Question: A father claims about snowfall last night. First daughter tells that the probability of snowfall on a particular night is 1/8. Second daughter tells that 5 out of 6 times the father is lying! What is the probability that there actually was a snowfall?

Let $S$ be an event that it snows and $C$ an event that a claim of a snowfall is made

From the answer here. The statement "Second daughter tells that 5 out of 6 times the father is lying" supposed to imply that $P(C|S) = \frac{1}{6}$ and $P(C\mid\lnot S) = \frac{5}{6}$ why is that the case?

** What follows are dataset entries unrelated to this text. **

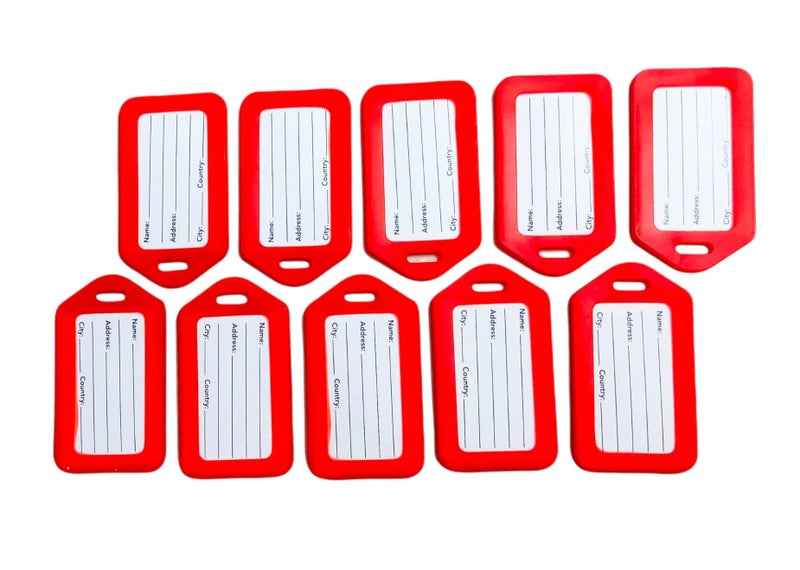 Kidultz(Pack of 12) Luggage Tags, Smart Tags for Travel suitcases, School Bags, etc..for Easily Identification of Bags Available with Silicon Band(Red) - Image 5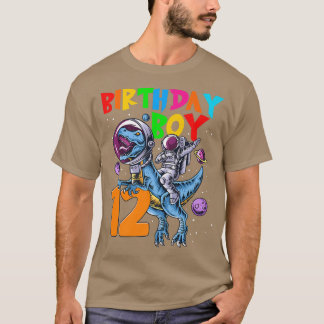 12 Years Old Birthday Boy Astronaut Riding 12th Di T Shirt
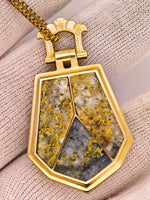 10K Antique HUGE 3-Panel Gold Quartz Pendant - 19.1 Grams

My interpretation would be that $\frac{5}{6}$ times the claim is made, there was no snowfall i.e $P(S|C) = \frac{1}{6}$

Answer 1

Second daughter tells that 5 out of 6 times the father is lying" supposed to imply that $P(C|S) = \frac{1}{6}$ and $P(C|S^c) = > \frac{5}{6}$ why is that the case?

To be fair, the question has quite a bit of ambiguity. The statement

5 out of 6 times the father is lying

seems to be a claim about the father's general habits and not specific to the scenario. If we assume snowfall takes a similar probability (the father's lying habits with respect snowfall are the same as his general lying habit), then we can say $P(C|S^c) = \frac{5}{6}$. Why? Because there is a probability of $\frac{5}{6}$ he claims something when it is not true. In a similar manner, if we assume it is snowing, $S$, then there is a probability of $\frac{5}{6}$ he claims it won't snow, $C^c$. Thus $P(C^c | S) = \frac{5}{6}$, and it follows that $P(C | S) = 1 - \frac{5}{6} = \frac{1}{6}$

Answer 2

Let $S$ denotes it snows, and $C$ denotes the father claims it snows, and $S^c$ it does not snow, and $C^c$ the father claims it didn't snow.

Bayes rule states:

$$P(S|C) = \frac{P(C|S)P(S)}{P(C)} = \frac{P(C|S)P(S)}{P(C|S)P(S) + P(C|S^c)P(S^c)}$$

$$ = \frac{(1/6) (1/8)}{(1/6)(1/8) + (5/6)(7/8)} = \frac{1}{37}.$$